Miles de españoles, sí, miles o millones, se han mofado con saña de Pablo Iglesias por haberse emocionado en público, por haber roto a llorar en ese congreso que nunca ha sido tanto el de los ratones, como lo describió el mejor fabulista alavés, que no es Samaniego sino Evaristo. Entre los burlones hemos visto a periodistas biliosos y políticos cipotudos, y los más hirientes han sido quienes son mezcla de centauro ideológico y unicornio mediático: con las patas de uno cocean, con el cuerno de otro alancean.

Hay algo muy paleolítico en esa necesidad permanente de salir a escena con aire chulesco de espagueti western, esa confusión que creíamos superada entre sensibilidad y debilidad. Bertín ha hecho muchísimo daño. Hay algo muy limitado, muy pobre de espíritu en esa actitud que se balancea entre la mala ostia y la carcajada gregaria, sin jamás centrarse para darse y darnos un respiro, no vayan a parecer mingafrías. Al eructo de toda la vida hoy lo visten de corbata o uniforme, pero sigue apestando a la peor brutalidad, la que de tanto impostarla se les ha hecho natural. Sin complejos, dicen, cuando ya es sin educación.

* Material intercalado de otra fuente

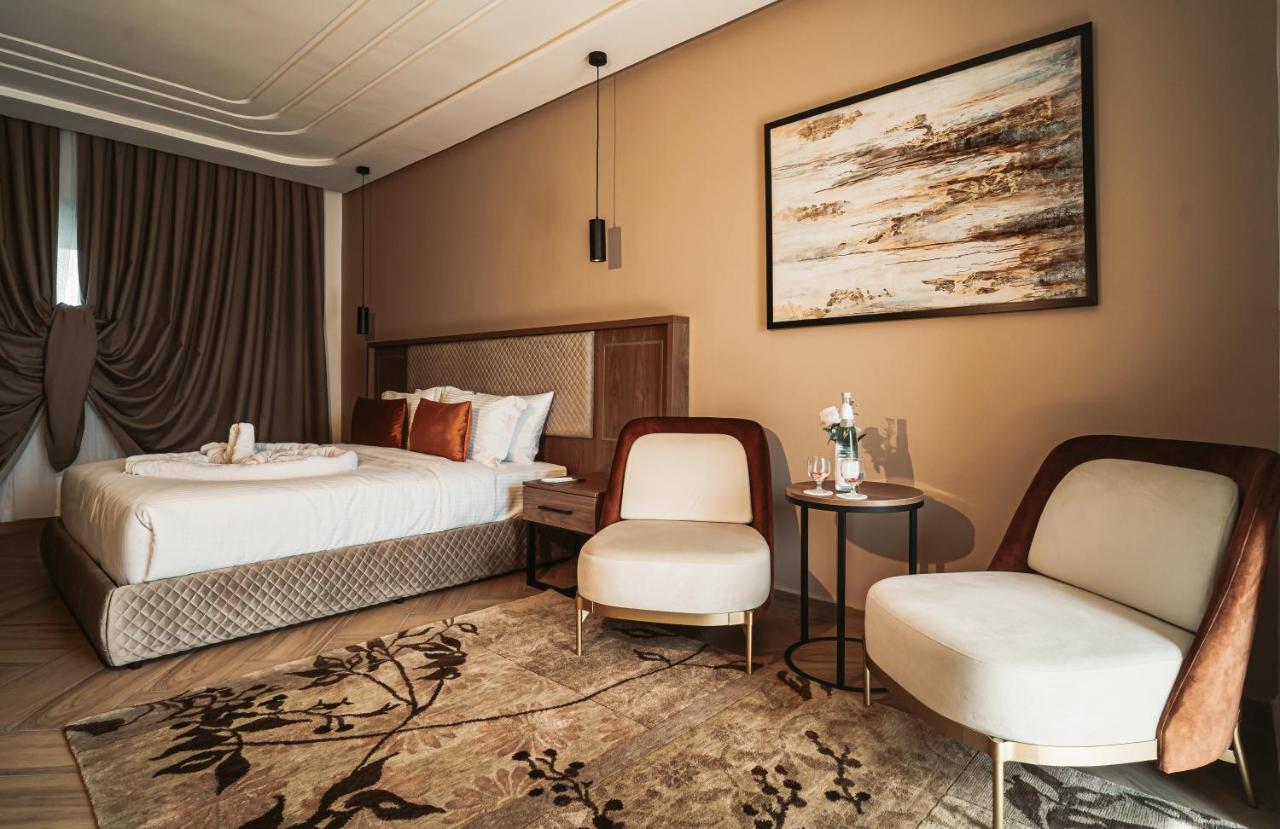 City Hotel By Waves Kenitra Esterno foto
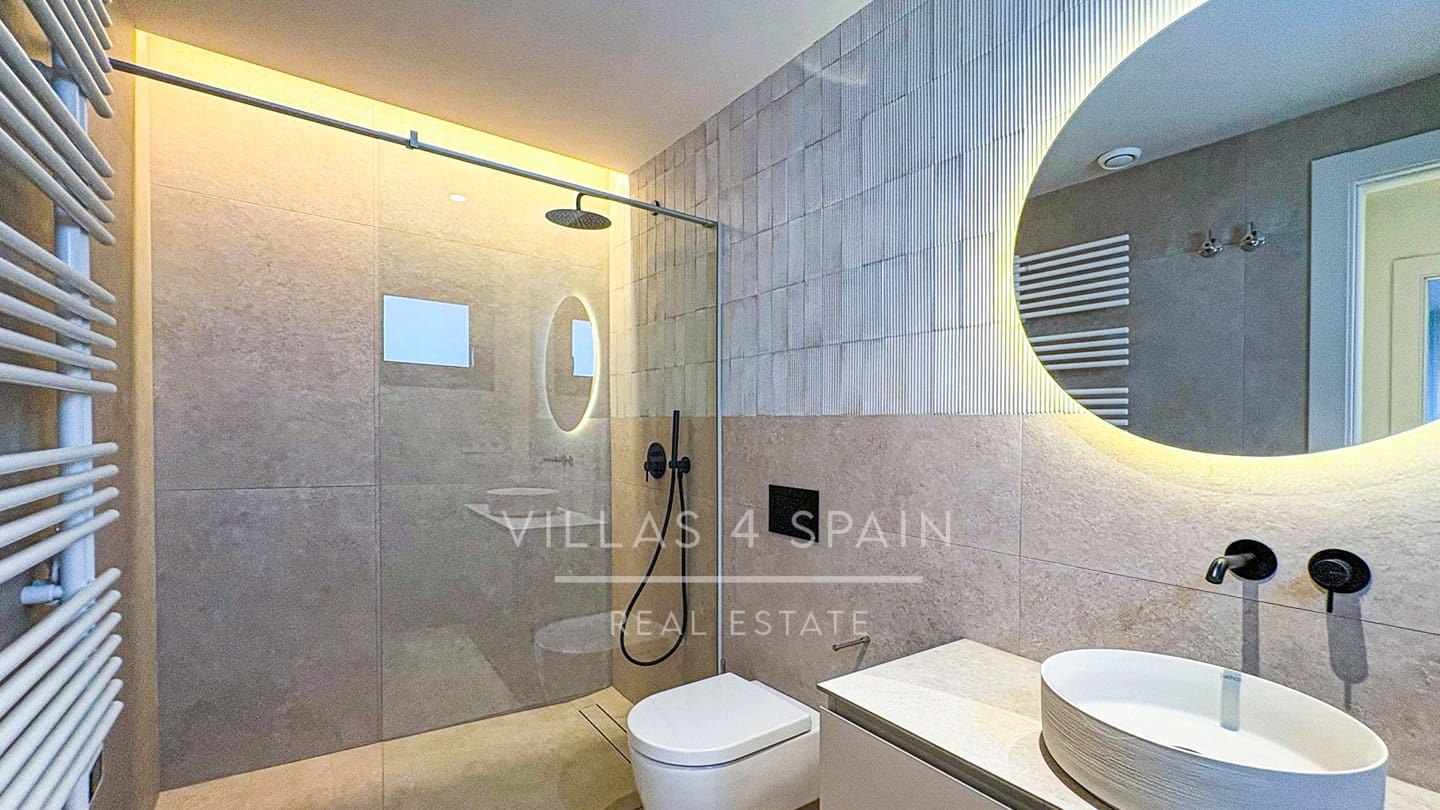 4 makuuhuone Huvila myytävänä paikassa Ciudad Quesada mukana uima-altaan - 810 750 € (Ref: 9821031)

Vuelve el adjetivo mujeril para apellidar al mero llanto, y de paso se escupe a la lucha de unas. Vuelve el sustantivo nenaza para definir al dubitativo, al blando, y así se patea al orgullo de otros. Se estila poner las botas sobre la mesa e imponer la bandera sobre el Peñón, cualquier peñón. Y sí, les da vergüenza ajena que alguien llore como un niño. Y a mí, si fuera niño, lo que me daría vergüenza propia es reír como esos adultos, los duros de la disco, los matones de barrio, vayan a pie, en moto a caballo. No andan: pisotean.